### WORK INSTRUCTION
In the entries below, which lines run from the one containing "Surprised cleaner man" to the one containing "Workers hang black"? Copy exactly those lines, ends included, and no others.
▬▬▬▬▬▬
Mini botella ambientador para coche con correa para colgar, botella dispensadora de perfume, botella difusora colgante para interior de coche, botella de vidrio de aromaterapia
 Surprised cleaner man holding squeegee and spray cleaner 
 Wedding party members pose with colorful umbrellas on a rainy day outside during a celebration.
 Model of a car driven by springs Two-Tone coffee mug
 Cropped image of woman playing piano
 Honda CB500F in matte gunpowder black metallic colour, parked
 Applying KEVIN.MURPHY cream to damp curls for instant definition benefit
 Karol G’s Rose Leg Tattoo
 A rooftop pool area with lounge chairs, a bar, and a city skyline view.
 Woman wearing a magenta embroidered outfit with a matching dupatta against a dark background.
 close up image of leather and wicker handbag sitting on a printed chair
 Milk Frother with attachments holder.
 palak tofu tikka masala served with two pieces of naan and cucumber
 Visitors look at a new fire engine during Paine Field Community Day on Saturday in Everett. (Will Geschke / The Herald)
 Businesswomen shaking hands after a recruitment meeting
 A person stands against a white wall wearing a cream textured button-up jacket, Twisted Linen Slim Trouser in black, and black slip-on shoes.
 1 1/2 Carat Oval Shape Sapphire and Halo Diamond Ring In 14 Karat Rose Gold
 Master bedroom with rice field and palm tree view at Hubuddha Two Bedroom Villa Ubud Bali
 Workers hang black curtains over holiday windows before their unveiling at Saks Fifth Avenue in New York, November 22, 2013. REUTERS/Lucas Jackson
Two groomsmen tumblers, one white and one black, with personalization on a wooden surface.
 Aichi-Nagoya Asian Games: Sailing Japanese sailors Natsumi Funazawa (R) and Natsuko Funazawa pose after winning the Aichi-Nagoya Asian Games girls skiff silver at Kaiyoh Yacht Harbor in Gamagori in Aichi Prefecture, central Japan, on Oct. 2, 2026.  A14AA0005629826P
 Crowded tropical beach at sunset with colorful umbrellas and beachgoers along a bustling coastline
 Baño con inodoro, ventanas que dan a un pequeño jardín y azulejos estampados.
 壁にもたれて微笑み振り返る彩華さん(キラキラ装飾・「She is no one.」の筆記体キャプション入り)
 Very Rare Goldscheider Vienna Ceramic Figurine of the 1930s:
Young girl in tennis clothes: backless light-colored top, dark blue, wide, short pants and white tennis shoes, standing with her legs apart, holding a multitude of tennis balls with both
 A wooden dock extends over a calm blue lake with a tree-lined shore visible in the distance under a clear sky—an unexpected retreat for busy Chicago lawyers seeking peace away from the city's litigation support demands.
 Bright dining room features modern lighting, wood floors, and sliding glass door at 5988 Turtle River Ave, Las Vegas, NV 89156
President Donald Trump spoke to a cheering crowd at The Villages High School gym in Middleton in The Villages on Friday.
▬▬▬▬▬▬
### SOLUTION FOR THIS PROBLEM
 Surprised cleaner man holding squeegee and spray cleaner 
 Wedding party members pose with colorful umbrellas on a rainy day outside during a celebration.
 Model of a car driven by springs Two-Tone coffee mug
 Cropped image of woman playing piano
 Honda CB500F in matte gunpowder black metallic colour, parked
 Applying KEVIN.MURPHY cream to damp curls for instant definition benefit
 Karol G’s Rose Leg Tattoo
 A rooftop pool area with lounge chairs, a bar, and a city skyline view.
 Woman wearing a magenta embroidered outfit with a matching dupatta against a dark background.
 close up image of leather and wicker handbag sitting on a printed chair
 Milk Frother with attachments holder.
 palak tofu tikka masala served with two pieces of naan and cucumber
 Visitors look at a new fire engine during Paine Field Community Day on Saturday in Everett. (Will Geschke / The Herald)
 Businesswomen shaking hands after a recruitment meeting
 A person stands against a white wall wearing a cream textured button-up jacket, Twisted Linen Slim Trouser in black, and black slip-on shoes.
 1 1/2 Carat Oval Shape Sapphire and Halo Diamond Ring In 14 Karat Rose Gold
 Master bedroom with rice field and palm tree view at Hubuddha Two Bedroom Villa Ubud Bali
 Workers hang black curtains over holiday windows before their unveiling at Saks Fifth Avenue in New York, November 22, 2013. REUTERS/Lucas Jackson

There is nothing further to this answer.